◆ **Material provided**
= Beginning of Section =

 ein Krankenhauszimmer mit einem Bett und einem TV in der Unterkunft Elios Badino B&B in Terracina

= End of Section =
= Beginning of Section =

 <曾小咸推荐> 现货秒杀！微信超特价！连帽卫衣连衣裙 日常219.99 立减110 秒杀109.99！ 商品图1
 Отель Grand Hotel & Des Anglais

= End of Section =
= Beginning of Section =

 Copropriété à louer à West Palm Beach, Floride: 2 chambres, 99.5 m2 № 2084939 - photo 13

= End of Section =

◆ **Problem to work on**
From the records above, copy out the line with "<曾小咸推荐> 现货秒杀！微信超特价！连帽卫衣连衣裙 日常219.99", the line with "Отель Grand Hotel & Des Anglais", and every line between them, word for word.

◆ **Answer box**
 <曾小咸推荐> 现货秒杀！微信超特价！连帽卫衣连衣裙 日常219.99 立减110 秒杀109.99！ 商品图1
 Отель Grand Hotel & Des Anglais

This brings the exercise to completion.